Problem to work on - Each line from the one containing "Pineapple Plantation wallpaper" to the end of the data must be copied exactly, the first and last included; no other lines and no pictures belong in the copy.

Data block -
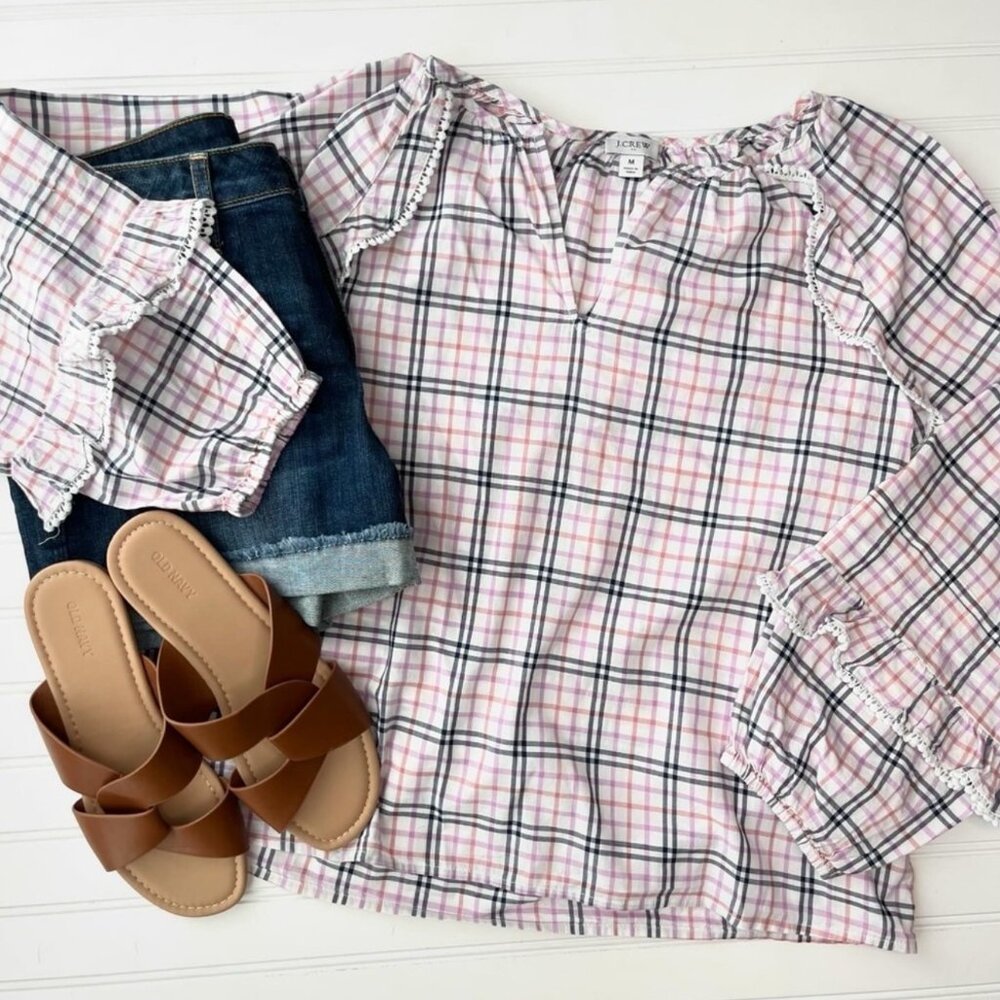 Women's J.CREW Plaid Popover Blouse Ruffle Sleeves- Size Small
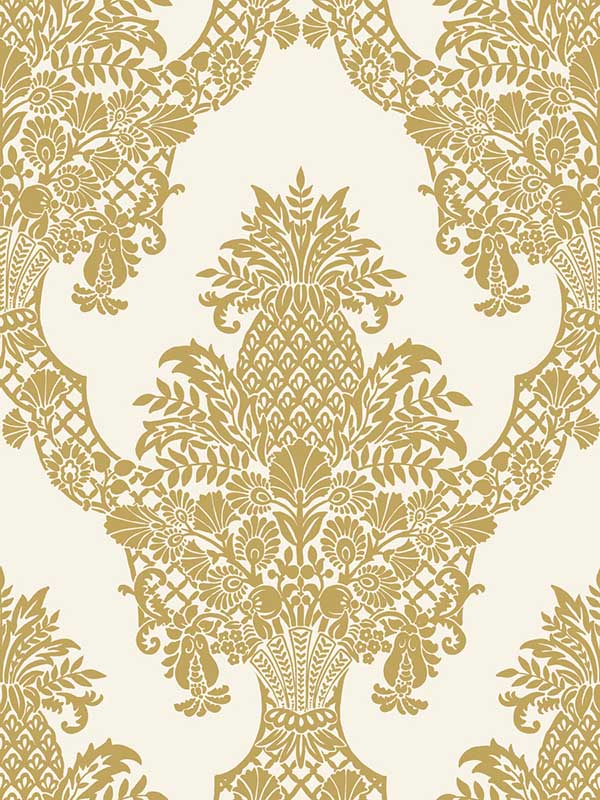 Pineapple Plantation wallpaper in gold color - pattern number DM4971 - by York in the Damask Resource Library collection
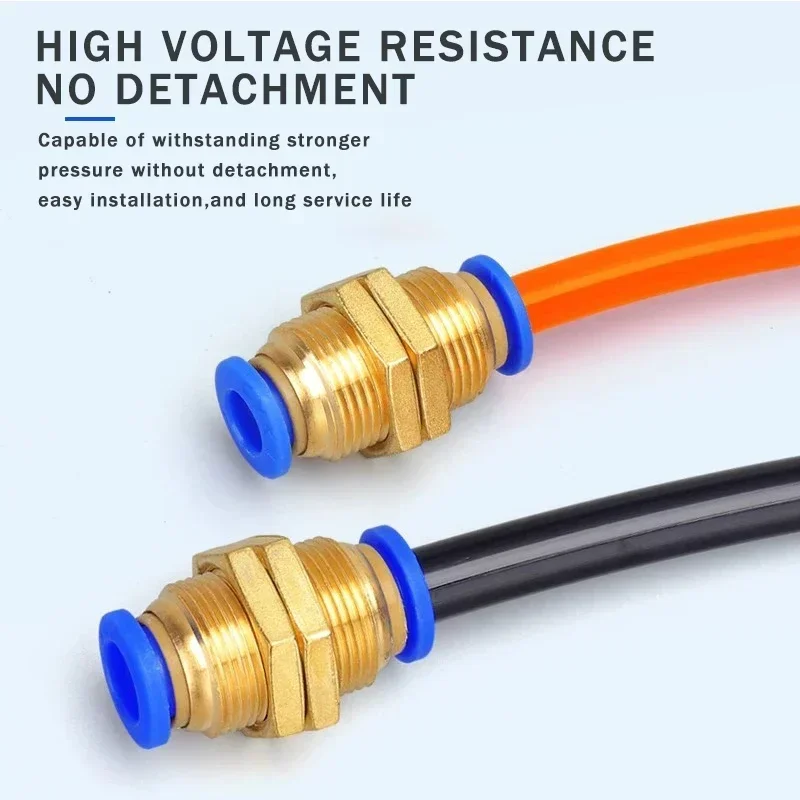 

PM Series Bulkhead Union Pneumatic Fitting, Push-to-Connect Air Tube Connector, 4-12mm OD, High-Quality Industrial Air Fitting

Response area -
 Pineapple Plantation wallpaper in gold color - pattern number DM4971 - by York in the Damask Resource Library collection

PM Series Bulkhead Union Pneumatic Fitting, Push-to-Connect Air Tube Connector, 4-12mm OD, High-Quality Industrial Air Fitting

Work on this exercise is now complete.